- ASSIGNED TASK
Copy out the entries below exactly as they stand, but only from the line containing "Michael Kors Eva Large Logo Stripe Tote Bag" through the line containing "Math Worksheet Up To 20".

- SOURCE RECORDS
^^^^^^^^

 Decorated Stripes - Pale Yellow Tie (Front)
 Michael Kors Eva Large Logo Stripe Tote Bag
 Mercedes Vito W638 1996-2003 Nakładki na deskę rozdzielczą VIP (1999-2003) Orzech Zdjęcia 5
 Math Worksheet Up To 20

^^^^^^^^

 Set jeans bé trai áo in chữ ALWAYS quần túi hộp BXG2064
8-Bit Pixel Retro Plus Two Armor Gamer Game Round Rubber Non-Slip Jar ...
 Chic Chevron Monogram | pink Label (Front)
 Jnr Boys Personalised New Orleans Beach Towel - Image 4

^^^^^^^^

- OUTPUT BELOW
 Michael Kors Eva Large Logo Stripe Tote Bag
 Mercedes Vito W638 1996-2003 Nakładki na deskę rozdzielczą VIP (1999-2003) Orzech Zdjęcia 5
 Math Worksheet Up To 20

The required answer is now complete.